Projects

TBD

This study presents a triad-based neural network system that generates affinity scores between entity mentions for coreference resolution.

We use neural network models to recover temporal relations among events and time expressions from text.

RuSentiment is a new high-quality dataset for sentiment analysis in Russian, enriched with active learning. We also present a lightweight annotation scheme for social media that ensures high speed and consistency, and can be applied to other languages (Russian and English versions released).

We apply deep learning to the problem of normalization of medical records, i.e. mapping of clinical terms in medical notes to standardized medical vocabularies.

Word embeddings are the most widely used kind of distributional meaning representations in both industrial and academic NLP systems, and they can make dramatic difference in the performance of the system. However, the absence of a reliable intrinsic evaluation metric makes it hard to choose between dozens of models and their parameters. This work presents Linguistic Diagnostics (LD), a new methodology for evaluation, error analysis and development of word embedding models that is implemented in an open-source Python library. In a large-scale experiment with 14 datasets LD successfully highlights the differences in the output of GloVe and word2vec algorithms that correlate with their performance on different NLP tasks.

This tutorial covered the current proposals for representation and interpretation of semantic features in word-level word embeddings, representation of morphological information, building sentence representations and encoding abstract linguistic structures that are necessary for grammar but hard to capture distributionally. For each problem we discussed the existing evaluation datasets and ways to improve them.

This project presents a novel recurrent neural network model to automate the analysis of students' computational thinking in problem-solving dialogues for computational microgenetic learning analytics.

This task aimed to stimulate the development of novel methods of humour detection that would not treat humor as a binary variable, and also take into account its subjectivity. The shared task was run with a new dataset based on humorous responses submitted to a Comedy Central TV show.

Clinical Named Entity Recognition system (CliNER) is an open-source natural language processing system for named entity recognition in clinical text of electronic health records. It supports (1) a traditional machine learning architecture for named entity recognition with a CRF classifier, and (2) a deep learning architecture using a recurrent neural network with LSTM for sequence labelling.

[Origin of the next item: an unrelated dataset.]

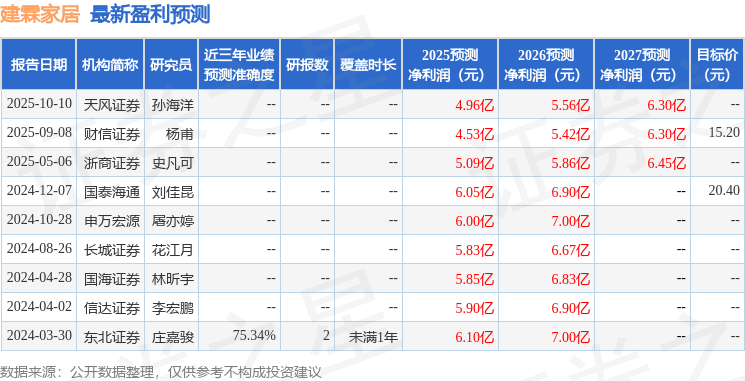 建霖家居：10月30日接受机构调研，信达证券、西部证券等多家机构参与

Text Machine Lab's PI took part in the development of TARSQI, a modular system for automatic temporal annotation that adds time expressions, events and temporal relations to news texts.

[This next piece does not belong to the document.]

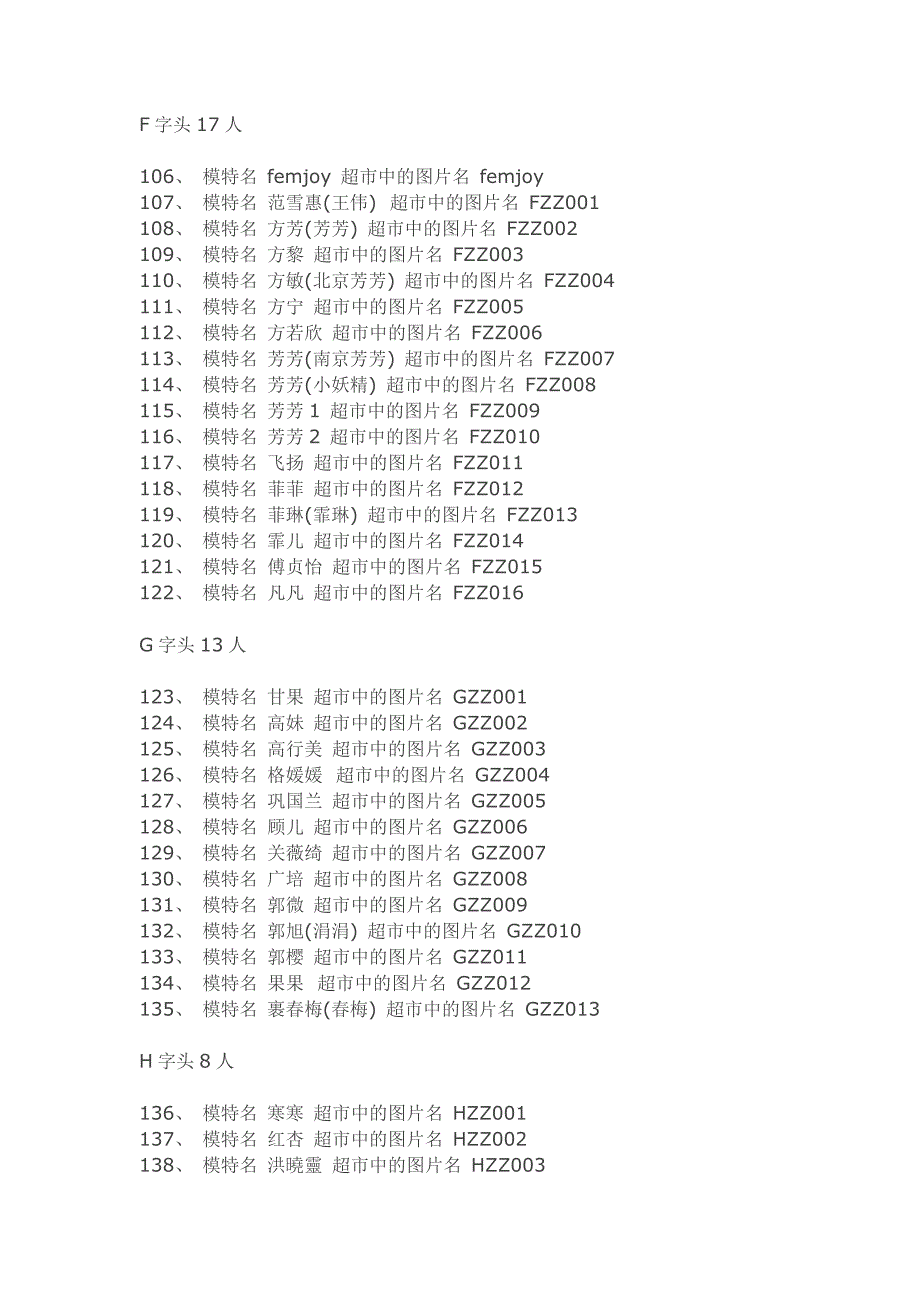 600多位国模作品目录和对应编号.doc_第4页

In the interest of designing better metrics for language generation tasks such as machine translation and paraphrasing, we have developed a unit testing framework. Given a dataset, a metric, and a set of corruptions, our code takes the corpus, generates corrupted sentences, and sees if the metric is able to identify the true sentence based on a set of references.

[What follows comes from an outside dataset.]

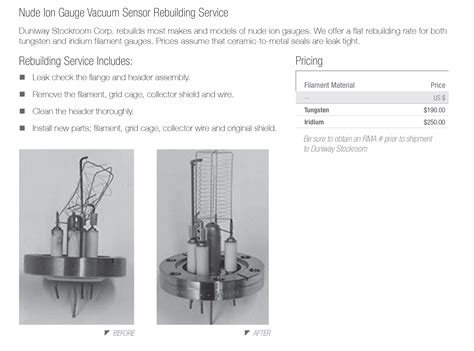 Nude Gauge Rebuilding DUNIWAY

This work emphasizes the interpretable topic features for Post-ICU mortality prediction. It facilitates the analysis of mortality prediction and investigation of the complexity between mortality and diseases.

This workshop focused on advancing state-of-the-art in clinical NLP, with invited talk by Dr. Timothy Baldwin and best paper award sponsored by Philips North America. We accepted 14 high-quality submissions advancing such areas of clinical NLP as normalization of medical mentions, outcome prediction, clinical data de-identification and others.

TwitterHawk is an open-source natural language processing system for Twitter sentiment analysis. This system was developed for the SemEval-2015 Task 10: Sentiment Analysis in Twitter.

The Knowledge Evolution project is an experiment in tracking and mapping the evolution of knowledge domains as well as the reputations and intellectual networks of the past. The project uses the history of the Library of Congress book acquisitions and classification, and the text of historical and contemporary editions of Encyclopedia Britannica and Wikipedia.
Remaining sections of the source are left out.